‘I’m a devotee of Anna’s double greens and filo pie, from A Modern Way to Eat. It’s a delicious, satisfying lunch to enjoy with friends, and looks amazing as soon as it’s out of the oven – it’s also surprisingly simple to put together, so you don’t have to spend hours prepping in the kitchen.’
Sarah, Assistant Editor
This pie is loosely based on the Greek spanakopita but is much quicker and easier to put together. This recipe was one of the first that satisfied my boyfriend John’s unstoppable appetite after we gave up eating meat.
Using some clever shortcuts you can have this on the table in half an hour.
I use greens and chard here instead of all spinach, as they stand up a little more robustly in the pie and I like their lemony freshness against the feta. Spinach on its own would work too, though. I vary the greens depending on what’s in season.
I love using sheep’s cheese and for the most part prefer its taste to
cow’s cheese. Feta is a favourite – it works well with the food that I cook and I always have a packet in the fridge, to crumble over roasted carrots or through a quick avocado salad. Sheep’s milk has twice as much calcium as cow’s milk, and feta is actually suitable for people who have a sensitivity to cow’s milk, as most of the lactose is in the whey, which is not eaten after the feta has formed.
Try Greek and Turkish shops for the best feta. My local shop has a big barrel of it in the fridge and I go in and scoop out beautiful clean white rounds which are much softer and creamier than the kind you buy in packets.
1 bunch of spring onions (about 8), trimmed and roughly chopped
sea salt and freshly ground
250g spring greens or kale, stalks removed, leaves shredded
250g chard or spinach, leaves shredded, chard stalks chopped
grated zest of ½ an unwaxed lemon
3 organic or free-range eggs
200g feta cheese
a small bunch of fresh parsley, picked and roughly chopped
a small bunch of fresh dill, picked and roughly chopped
4 large sheets of filo pastry or 8 smaller ones
1 tablespoon poppy seeds
Preheat your oven to 220°C/fan 200° C/ gas 7.
Put a 26cm non-stick ovenproof frying pan on a medium heat and add
a little olive oil, then add the spring onions with a pinch of salt and fry for a few minutes, until softened.

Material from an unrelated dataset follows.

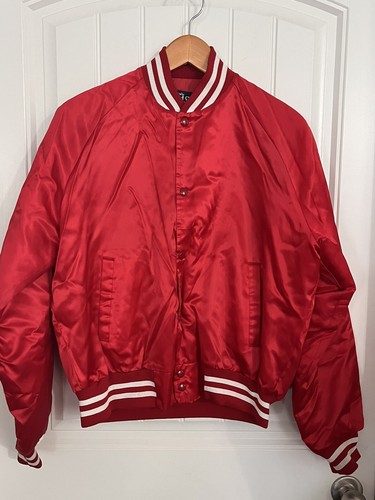 Vintage Red Satin Bomber Jacket 80s LargeVasco Made USA Mio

Next, add a couple of handfuls of spring greens or kale and cook until they have shrunk down a little. Keep adding like this until all the greens are in the pan, then cook until just wilted. Add the chard or spinach and let that wilt too.
Sprinkle over the lemon zest and season with more salt if needed and a bit of pepper. Transfer to a bowl and leave to cool a little.
Crack the eggs into a mixing bowl, crumble in the feta and add the chopped herbs. Once the greens are cool, add these too. Wipe out the frying pan with some kitchen paper.
Get yourself a large sheet of baking paper, about 50cm long, and lay
it on your work surface. Drizzle it with a little olive oil, then scrunch it up into a ball so it’s all coated (this will stop it burning in the oven). Now lay it flat again.
Lay the filo over the baking paper in two layers – it will overlap here and there but that’s ok. Drizzle the lot with a bit more oil. Now carefully lift the paper to rest on top of the frying pan, with the excess hanging evenly round the edges.
Pour the egg and greens mixture into the middle and level out with a spoon. Fold the excess layers of pastry over the top to cover the top of the greens mixture.No need to be too neat here, as some movement and texture looks beautiful. Sprinkle over the poppy seeds and pop the pan into the oven
to bake for 20 minutes.
I like to serve this with a cucumber salad, simply dressed with dill and lemon, and some green leaves.